I liked the ‘Millennium Quarter’. I mean the garden is pretty in its children’s television way and the architecture surrounding it is wonderful. On the left the Chetham’s School of music presents its gothic grandeur over the scene while just a little further up is Manchester Cathedral, almost eight hundred years old.
What I love about this place is that opposite these two very old, imposing buildings is the URBIS centre, a hyper-modern museum. Now I know that modern architecture very often has the effect of making you either prick up you nose and jerk your mouth in disgust or simply wet pants with laughter, but URBIS is different. Yes it’s a hundred feet high and shaped like a ship, yes it’s made completely of glass, but it makes no excuses for it. It realises it looks like Winston Churchill at a rave or Satan in a church congregation but it doesn’t care. And if you ask me, that’s pretty cool.<!–page–>
By this time, clouds thick as blankets had formed above my head, so I walked briskly to the Printworks Complex and escaped the first sheets of rain. The Printworks is a pretty impressive place; it took £150 million to turn this former, well, print works, into the entertainment complex you see now, and it shows. Everything is so new and trendy.
I am reliably informed by a ‘you are probably here or we could be joking’ type map on the ground floor that there are 36 cafes in this place, 16 restaurants and a huge cinema. Not only is there a cinema but one of the screens in it, the map boasts, is 26 metres high and 23 metres wide. This sounds fairly impressive I have to admit, but just imagine sitting on the front row. Ouch.
The rain still pelted on the pavement outside so I decided to find a relatively inexpensive café type place and have a warm drink until it stopped. In my ignorance I hadn’t realised that there was neither ‘inexpensive’ things to eat in here nor simple ‘hot drinks’. It’s the kind of place where your bill comes with page numbers and an index and where, if a drink appears too simple, it is livened up by being served in the Holy Grail or possibly a unicorn’s horn.

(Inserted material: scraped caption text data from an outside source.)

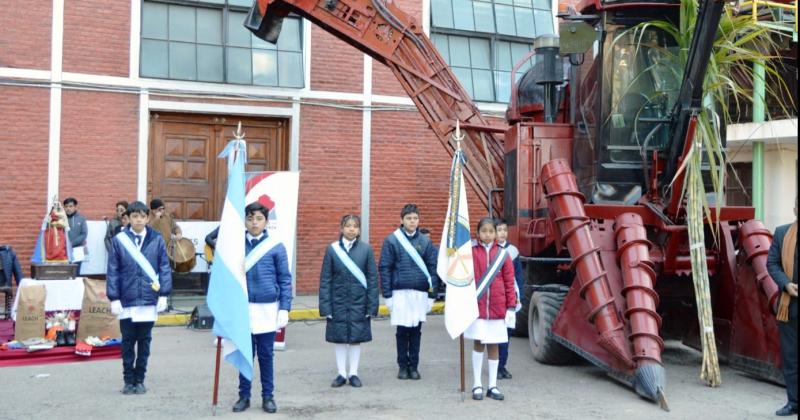 Con augurios de buena cosecha se inicioacute la zafra en La Esperanza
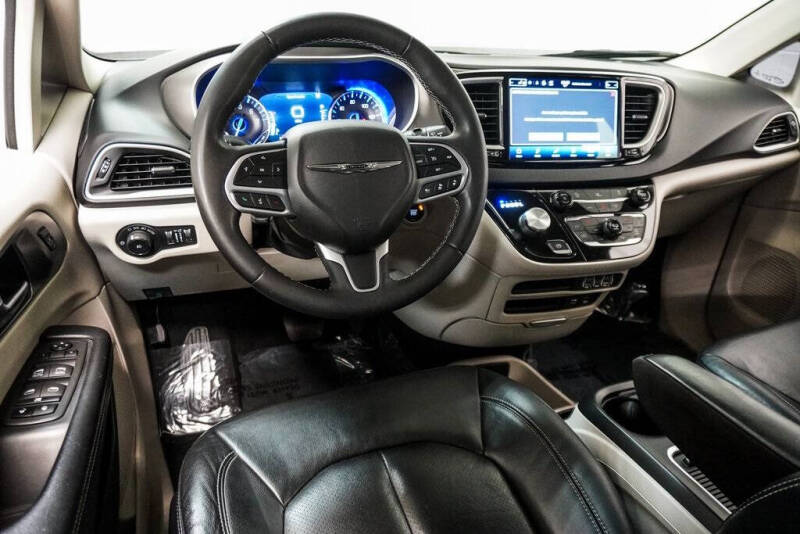 2022 Chrysler Pacifica Touring L
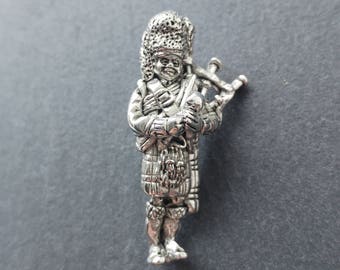 Scottish Bagpiper pewter pin / mens lapel pin / Handmade and Designed in Scotland by SJH Designs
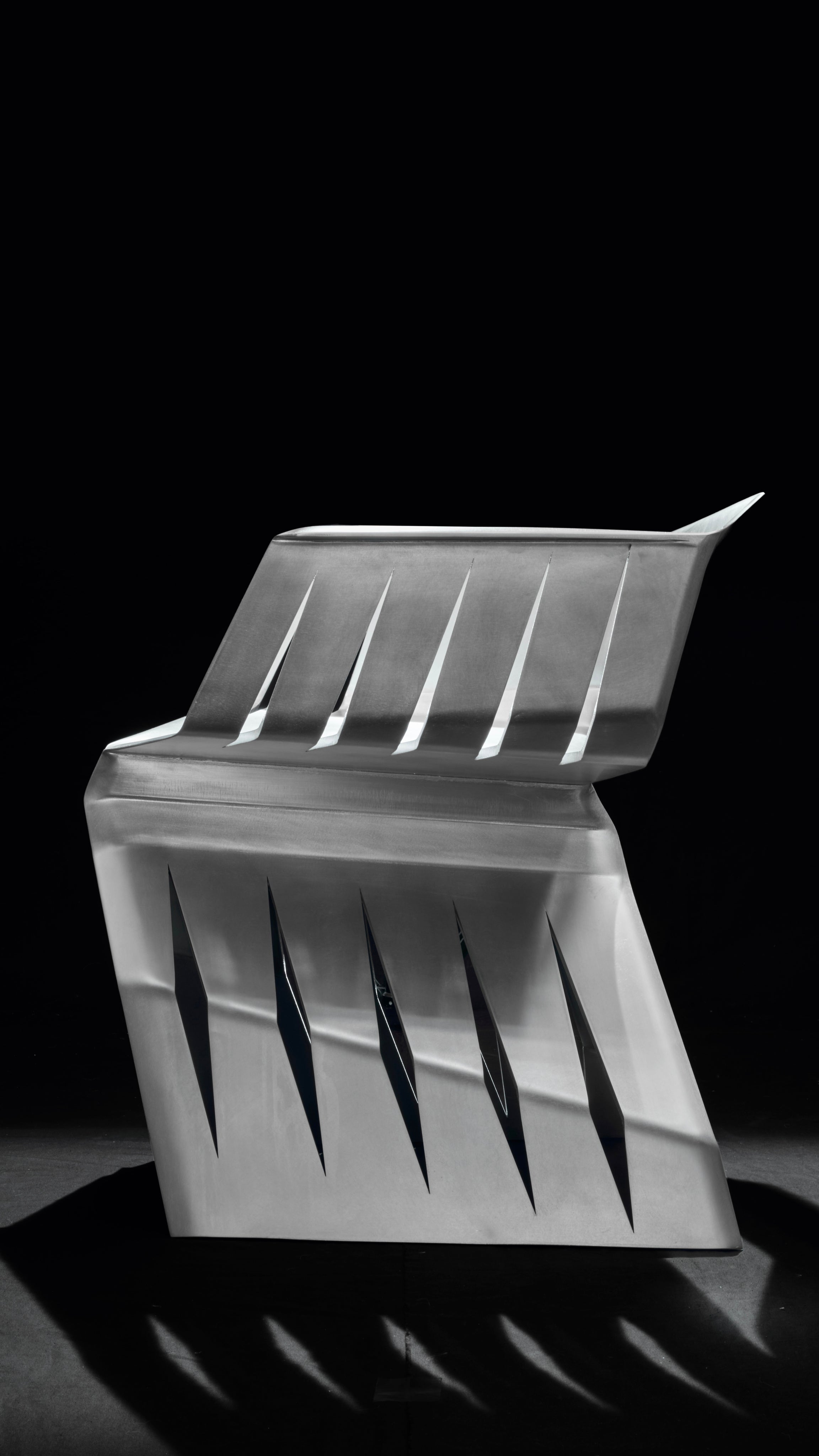 HAERETICUS Chair in Aluminium — detail view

Having found a small bar which was kind enough to serve coffee in the day time, I sat at a small table next to the window and looked into the rain.
Figures strode stiffly across the square outside. Business men in Versace suits, old people with sticks and buskers with sopping hair and tired guitars. It reminded me again of the mixed identity and appearance of this city and how it all seemed to work, unlike so many other cities where the ancient and modern seem locked in grim battle on the city’s streets.
The only thought to sadden me was that I had to go back to Bury. I had to face the drunken tramps and the scorn of those wannabe policemen and women: the ticket inspectors.
I found some inspiration, whilst thinking about how to tackle these people, next to my cup of coffee. Scrawled into the surface of the table were the words: ‘Piss off!’ Perfect.